The need for sustainability and early considerations of a lyophilization strategy grow more pertinent on the back of growing biologics volume.
Lyophilization remains an integral step in the manufacturing process for certain biotherapeutics, as was demonstrated with the COVID-19 vaccines.
Lyophilization is also important in traditional biologic manufacturing and for emerging therapies. However, there remains inherent risk in subjecting these biomolecules through successive freeze-thaw cycles, which call for best-practice procedures to ensure that product viability and stability are maintained during the lyophilization process. Furthermore, questions have arisen about the long-term sustainability of current lyophilization techniques as the development of new biologic and emerging therapy drug candidates continues to grow.
One big bioprocessing challenge posed by the lyophilization of emerging biotherapeutics, such as cell therapy, gene therapy, and nucleic-acid-based therapies (e.g., the mRNA-based vaccines), is a general impact on machine technology. The shift from small-molecule pharmaceuticals to biologics has also changed the manufacturing requirements because of the nature of the products, explains Jörg Rosenbaum, director product management at Hesse, Germany-based Optima Pharma.
“Biologics are fragile products that cannot tolerate heat and have a limited stability. Lyophilization is a very important process in biotherapeutics manufacturing to improve product stability,” Rosenbaum states.
Factors that have made the lyophilization of biologic drug products challenging include the equipment requirements. The equipment used must be advanced, user-friendly, efficient, and applicable from development to scale-up, notes Rosenbaum. The increasing demand for biologics requires smaller batch sizes and greater flexibility in manufacturing solutions, which necessitates frequent line and equipment changes, Rosenbaum observes. The requirement for smaller batch sizes and manufacturing flexibility is leading to a shift from large manufacturing areas to small and flexible footprints. As a result of the shift towards biologics, there is also a growing trend towards the use of single-use technology, he adds.
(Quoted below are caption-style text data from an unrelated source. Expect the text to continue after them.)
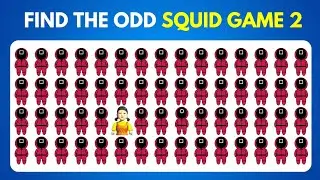 Find the ODD One Out - Squid Game 2 🦑🎮🕹 | 30 Levels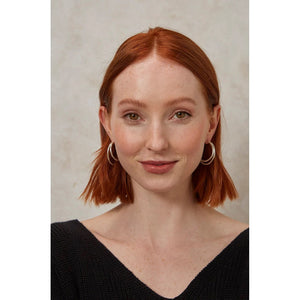 Twist Earrings - Silver - a simple story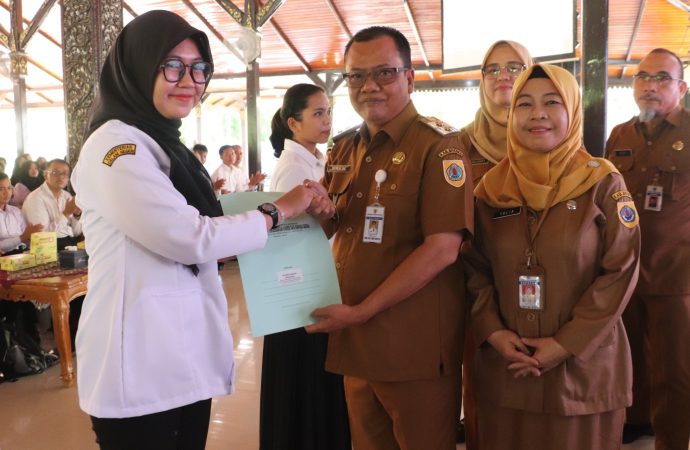 156 CPNS di Lingkungan Pemkab.Brebes Terima SK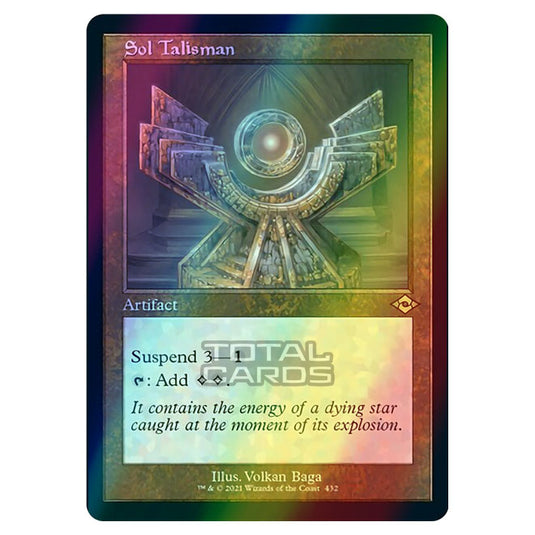 Magic The Gathering - Modern Horizons 2 - Sol Talisman - 432/303 (Etched Foil)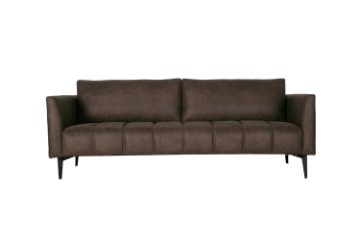 Picture of BARTLET Air Leather 3 Seater Sofa (Chocolate)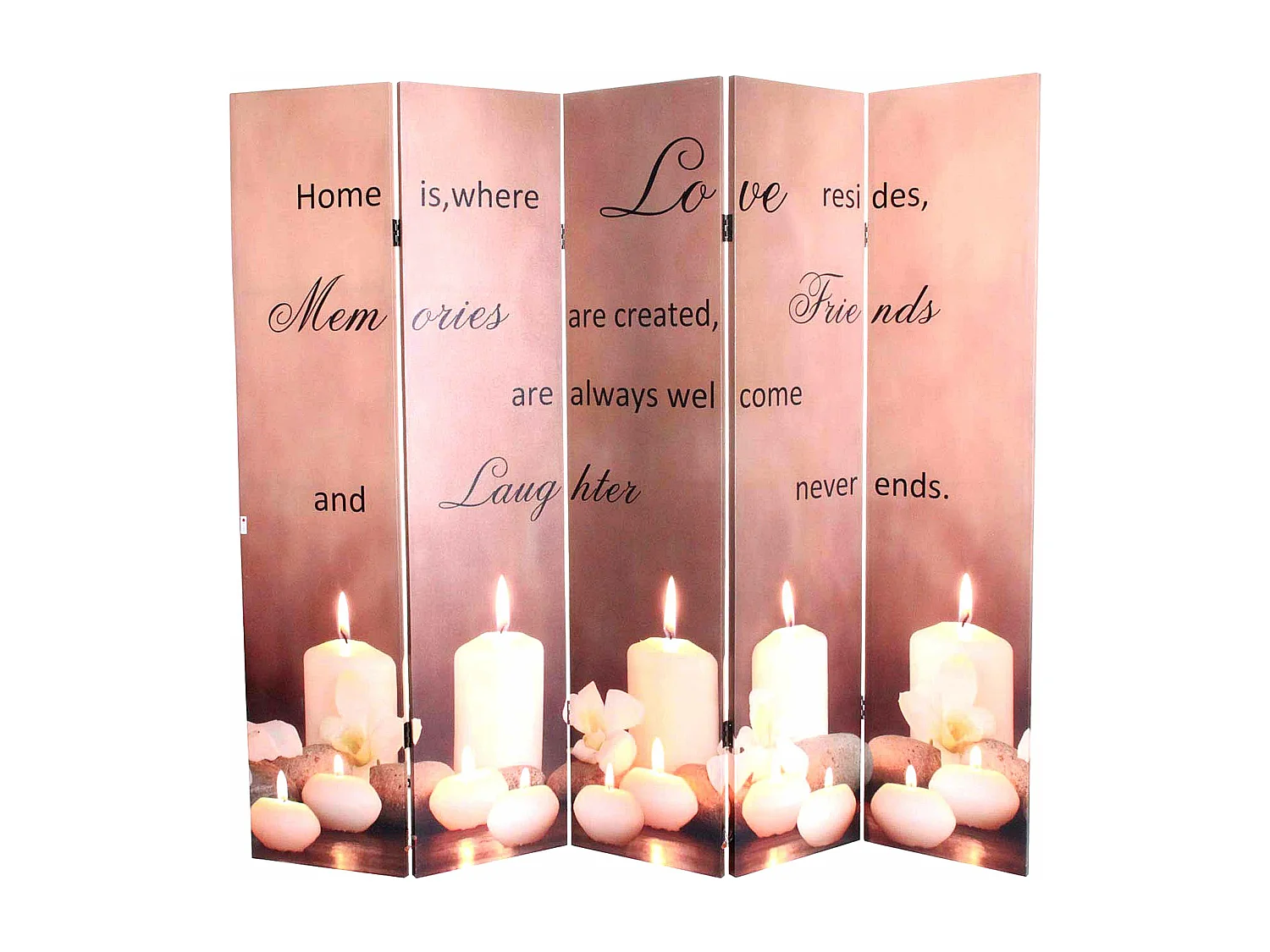 LED-Paravent Candles Netzbetrieben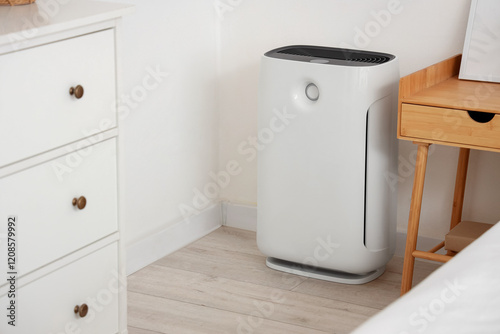 Modern white air purifier i...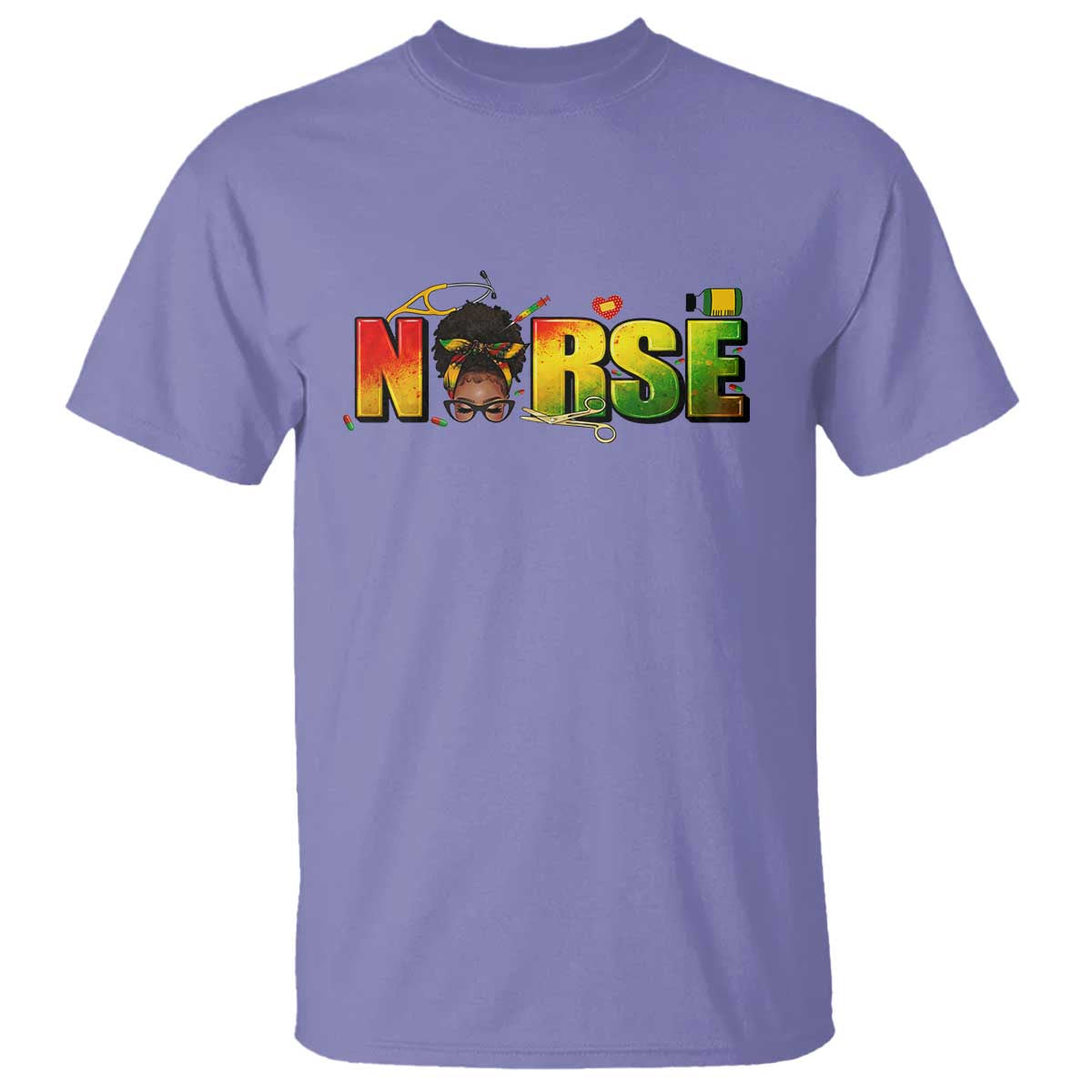 Proud Black Nurse T Shirt Black History Month Healthcare Gift - African Pride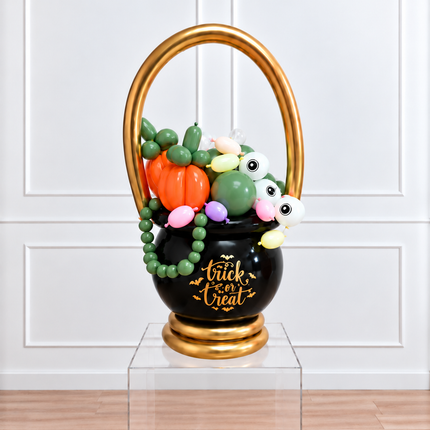 Halloween - Cauldron Balloon Surprise - Black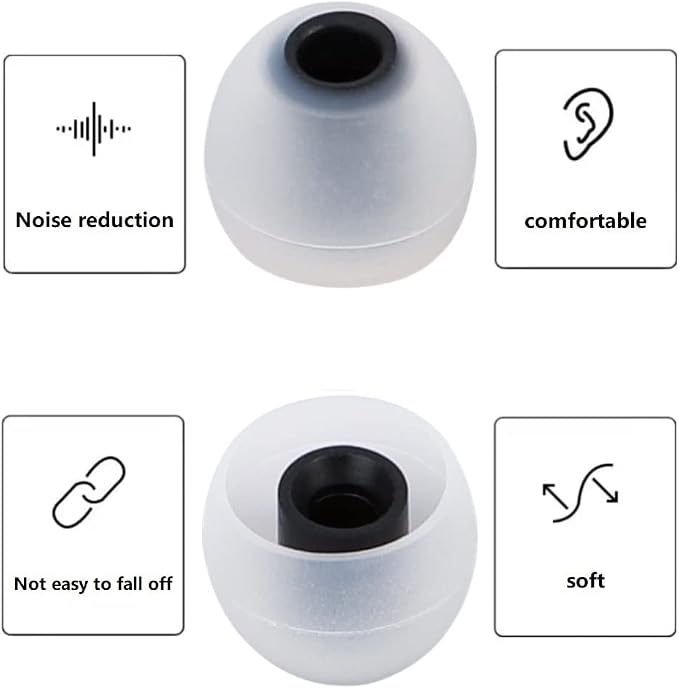 Earbud Silicone Ear Tips Replacement Earbuds Gels - Image 7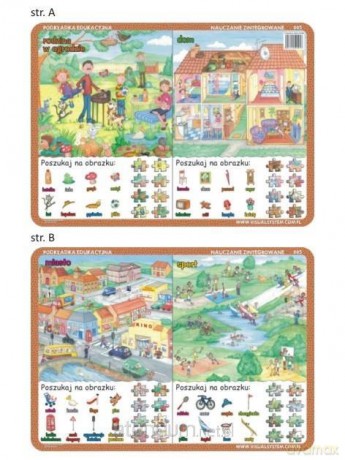 Podkładka edukacyjna 005 - Poszukaj na obrazku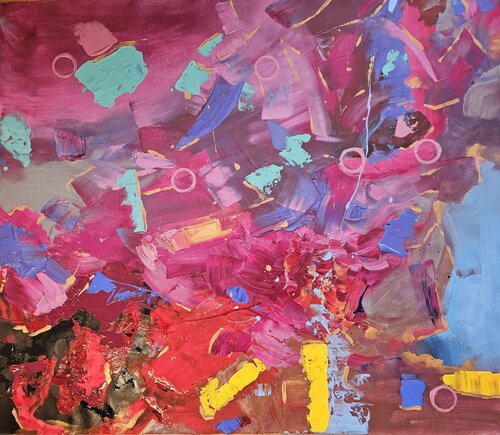 Electric Cascade. von Lisa Smith, Malerei kaufen auf Singulart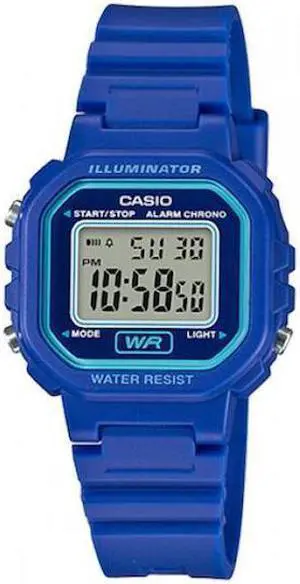 Casio Women's Classic Digital Quartz Resin Blue Watch LA-20WH-2A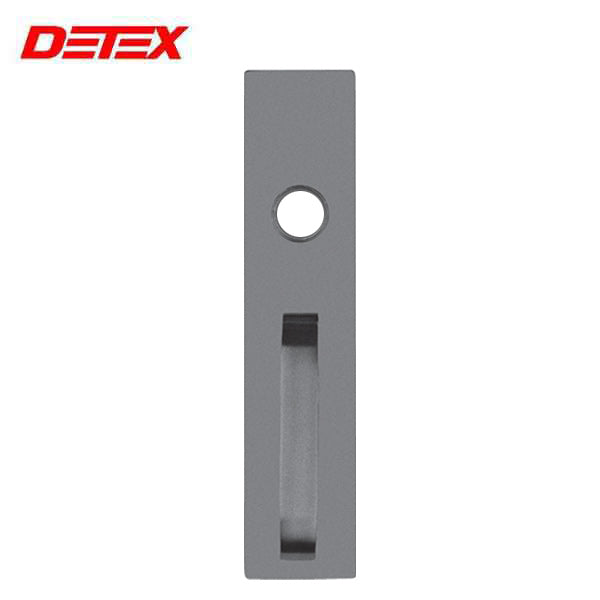 Detex - 03A - Straight Pull Trim For V40 Series Rim and V50 Series Surface Vertical Rods - Storeroom - Aluminum Painted Finish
“The driving forces are not only cost reduction and improved production efficiency, but also the ability to process potent compounds and produce smaller batch sizes,” says Rosenbaum.
Rosenbaum goes on to discuss some of the manufacturing challenges in the lyophilization of biologic drug product. “Freeze-dried and liquid drug vials for biologics are filled in a similar manner, but the different formulations present different manufacturing challenges,” he says.
Liquid products, for instance, require less time for development and therefore have shorter lead times. The lead time for lyophilized products accounts for the lyophilization cycle and the characterization of that cycle. Characterization is important because the parameters of the lyophilization cycle affect the production of a cake with high integrity, and the production of a cake without collapse, re-melting, or shrinkage requires additional development, Rosenbaum explains. “In both cases, it is necessary to understand the stability of the formulation, but for freeze-dried products, we need to develop the cycle through calorimetric measurements, refine the process parameters, and optimize the cycle. The freeze-dried product needs to be characterized and the stability profile needs to be established,” Rosenbaum states.
Meanwhile, a major technical challenge lies in the development work that takes place before a clinical batch is filled, as freeze-dried products require more preparation in selecting the right excipients, fillers, and cryoprotectants, as well as in cycle development. “It is also important to note that some of the COVID-19 vaccines are multi-dose and require the use of an evaluated preservative,” Rosenbaum says.
By way of example, Rosenbaum points out that messenger RNA (mRNA) vaccines use nanoparticle technology to increase stability, as opposed to the aqueous-soluble molecules typical of standard biologics. Recombinant protein vaccines may also require the use of an adjuvant to stimulate the immune response, and there are unique differences between live and attenuated or inactivated vaccines. “These differences require considerations related to plant classification and engineering controls, as live viruses must be separated from other types of vaccines. At the end of the day, COVID-19 vaccines are no more difficult than other biologics from a filling/manufacturing perspective. However, the real problem lies in managing the time that vaccines are out of controlled storage,” Rosenbaum cautions.
He does note that transferring liquid formulations to freeze-dried products can improve thermal stability and reduce the need for cold chain handling. There are already results showing that freeze-drying cycles can be developed and implemented that can be used to freeze-dry a COVID-19 mRNA vaccine.
Meanwhile, Matthew Bourassa, process development manager at LSNE Contract Manufacturing, a PCI Pharma Services company, notes that, in the past 36 months, oligonucleotides and mRNAs have been among the fastest growing market segments (particularly for LSNE). “As the biologics market continues to mature and new products enter the clinic, LSNE’s techniques for minimizing line-loss continue to gain efficiency. [The company] has seen a significant increase in the number of companies developing RNAi [RNA interference] or siRNA [small interfering] products, and the cost of the oligonucleotide drug substance is high as well,” Bourassa says.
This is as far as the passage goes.